Re: Nifi cluster nodes regularly stop processing any flowfiles

Posted by Aaron Longfield <al...@gmail.com>.
I've been trying different things to try to fix my NiFi freeze problems,
and it seems the most frequent reason that my cluster gets stuck and stops
processing has to do with network related processors.  My data enters the
environment from Kafka and leaves via a site-to-site output port.  After
some time processing (sometimes a few minutes, sometimes a few hours) one
of those will start logging connection errors, and then that node will stop
processing any flowfiles across all processors.

So far, this followed me from 0.6.1 to 0.7.0, and on Amazon Linux to RHEL7
(although RHEL seems to be happier).  I've tried restricting threads to
less than the number of available cores on each node, different heap sizes,
and different garbage collectors.  So far none of that has preventing the
problem, unfortunately.

I'm not quite ready to build all custom processors for my flow logic...
most of it is straightforward attribute routing, text replacement, and
flowfile merging.

What are other things that I could try, or just be doing wrong that could
lead to this?  I'm happy to keep trying suggestions and changes; I really
want this to work!

Thanks,
-Aaron

On Fri, Jul 15, 2016 at 12:07 PM, Lee Laim <le...@gmail.com> wrote:

> Aaron,
>
> I ran into an issue where the Execute Stream Command (ESC) processor with
> many threads would run a legacy script that would hang if the incoming file
> was 'inconsistent'.  It appeared that ESC slowly collected stuck threads as
> malformed data randomly streamed through it.

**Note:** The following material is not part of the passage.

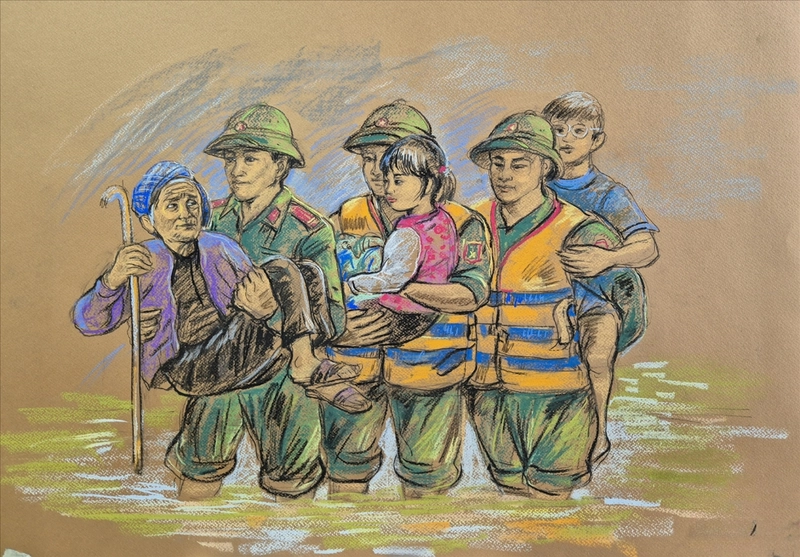 tranh vẽ từ thiện ở vùng lũ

Eventually I ran out of
> threads as the system was just waiting for a thread to become available.
>
> It was apparent in the processor statistics where the flowfiles-out
> statistic would eventually step down to zero as threads became stuck.
>
> It might be worth trying InvokeScriptedProcessor or building custom
> processors as they provide a means to handle these inconsistencies more
> gracefully.
>
> https://nifi.apache.org/docs/nifi-docs/components/org.apache.nifi.processors.script.InvokeScriptedProcessor/index.html
>
> Thanks,
> Lee
>
>
>
>
>
> On Fri, Jul 15, 2016 at 6:50 AM, Aaron Longfield <al...@gmail.com>
> wrote:
>
>> Hi Mark,
>>
>> I've been using the G1 garbage collector.  I brought the nodes down to
>> 8GB heap and let it run overnight, but processing still got stuck and
>> requiring NiFi to be restarted on all nodes.  It took longer to happen, but
>> they went down after a few hours.  Are there any other things I can look
>> into?
>>
>> Thanks!
>>
>> -Aaron
>>
>> On Thu, Jul 14, 2016 at 2:33 PM, Mark Payne <ma...@hotmail.com> wrote:
>>
>>> Aaron,
>>>
>>> My guess would be that you are hitting a Full Garbage Collection. With
>>> such a huge Java heap, that will cause a "stop the world" pause for quite a
>>> long time.
>>> Which garbage collector are you using? Have you tried reducing the heap
>>> from 48 GB to say 4 or 8 GB?
>>>
>>> Thanks
>>> -Mark
>>>
>>>
>>> > On Jul 14, 2016, at 11:14 AM, Aaron Longfield <al...@gmail.com>
>>> wrote:
>>> >
>>> > Hi,
>>> >
>>> > I'm having an issue with a small (two node) NiFi cluster where the
>>> nodes will stop processing any queued flowfiles.  I haven't seen any error
>>> messages logged related to it, and when attempting to restart the service,
>>> NiFi doesn't respond and the script forcibly kills it.  This causes
>>> multiple flowfile version to hang around, and generally makes me feel like
>>> it might be causing data loss.
>>> >
>>> > I'm running the web UI on a different box, and when things stop
>>> working, it stops showing changes to counts in any queues, and the thread
>>> count never changes.  It still thinks the nodes are connecting and
>>> responding, though.
>>> >
>>> > My environment is two 8 cpu systems w/ 60GB memory with 48GB given to
>>> the NiFi JVM in bootstrap.conf.  I have timer threads limited to 12, and
>>> event threads to 4.  Install is on the current Amazon Linux AMI and using
>>> OpenJDK 1.8.0.91 x64.
>>> >
>>> > Any idea, other debug steps, or changes that I can try?  I'm running
>>> 0.7.0, having upgraded from 0.6.1, but this has been occurring with both
>>> versions.  The higher the flowfile volume I push through, the faster this
>>> happens.
>>> >
>>> > Thanks for any help there is to give!
>>> >
>>> > -Aaron Longfield
>>>
>>>
>>
>

Re: Nifi cluster nodes regularly stop processing any flowfiles

Posted by Lee Laim <le...@gmail.com>.
Aaron,

I ran into an issue where the Execute Stream Command (ESC) processor with
many threads would run a legacy script that would hang if the incoming file
was 'inconsistent'.  It appeared that ESC slowly collected stuck threads as
malformed data randomly streamed through it. Eventually I ran out of
threads as the system was just waiting for a thread to become available.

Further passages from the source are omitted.